Dime bag or nug, I’ll lie on the carpet
And smoke my spliff, or in sooth just a roach,
For Anne is full vexed: “Lay off, please, stop it!”
One whiff of ganj and anon she’ll encroach.
So long as dudes can breathe and birds have feather,
That rug really ties the room together.
 
SONNET NO. 157
When to the sessions of sweet silent bong
I summon up remembrance of doobs past,
Methinks I trounce his worship Tommy Chong,
For my weed game shall not soon be outclassed.
Tetrahydrocannabinol, thy glow!
Thy vapors curl from Delphi’s oracle,
That even the sun god himself says, “Whoa.”
(And I’m not being allegorical.)
Call thou the strain Twelfth Night, or what you will,
This Will knows the primo cheeb from the junk:
Afgooey, Trainwreck, or perchance Space Jill,
Purple Urkel, Voodoo, nay, Pineapple Skunk.
The joint’s burning low, so let me be frank:
All the world’s a stage, and stages be dank.
 
I've highlighted language I question.
 
For the readers of this post, do you agree that much of the
language highlighted is more 20th century? E.g., suppliers,
dime bag, lit, primo cheeb from the junk, joint, Purple
Haze (ala Jimi Hendrix?).

Do you believe this language was actually used during
Shakespeare's time?
 
There's no question that writers/artists in the past to present
have used substances, be it cocaine, cannabis, alcohol while
writing.
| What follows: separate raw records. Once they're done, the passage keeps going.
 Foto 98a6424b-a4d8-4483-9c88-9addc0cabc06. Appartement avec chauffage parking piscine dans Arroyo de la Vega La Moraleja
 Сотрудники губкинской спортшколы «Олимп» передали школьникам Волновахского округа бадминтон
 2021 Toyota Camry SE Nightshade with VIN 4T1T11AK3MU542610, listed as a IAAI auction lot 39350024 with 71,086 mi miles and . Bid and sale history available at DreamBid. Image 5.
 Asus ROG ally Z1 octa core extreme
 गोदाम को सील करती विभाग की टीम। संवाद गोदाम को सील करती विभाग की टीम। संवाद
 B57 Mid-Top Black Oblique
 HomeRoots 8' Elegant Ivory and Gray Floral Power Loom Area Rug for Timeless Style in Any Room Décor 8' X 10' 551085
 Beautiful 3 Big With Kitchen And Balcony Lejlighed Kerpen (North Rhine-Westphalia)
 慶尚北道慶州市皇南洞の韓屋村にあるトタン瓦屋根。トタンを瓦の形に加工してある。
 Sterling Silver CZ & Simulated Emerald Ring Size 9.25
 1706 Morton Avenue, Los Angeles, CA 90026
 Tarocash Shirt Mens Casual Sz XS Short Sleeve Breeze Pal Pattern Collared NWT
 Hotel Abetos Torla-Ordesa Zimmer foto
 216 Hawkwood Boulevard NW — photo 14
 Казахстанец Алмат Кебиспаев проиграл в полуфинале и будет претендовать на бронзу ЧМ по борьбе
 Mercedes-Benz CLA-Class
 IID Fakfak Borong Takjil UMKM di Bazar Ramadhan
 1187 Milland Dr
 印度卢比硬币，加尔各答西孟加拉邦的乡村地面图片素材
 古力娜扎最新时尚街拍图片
It's the language used I question that makes me
question the legitimacy of these sonnets.
 
As I mentioned other writers come to mind who have most
obviously been under the influence.
 
Such as Alice's Adventures in Wonderland by Lewis Carroll;
the idea of Carroll under the influence made famous by
Jefferson Airplane's song, White Rabbit.
 

White Rabbit, Jefferson Airplane

Other obvious users, Sir Arthur Conan Doyle while writing
Sherlock Holmes, creating a cocaine user, possible addict?

All those snuff boxes?

Sigmund Freud.

Nowhere until these sonnets have I seen such language used
today which truly makes me question their validity although
I don't doubt that during Shakespeare's writing, were they
penned while under the influence of mind-altering
substances.

I would love to hear your opinion? What do you think?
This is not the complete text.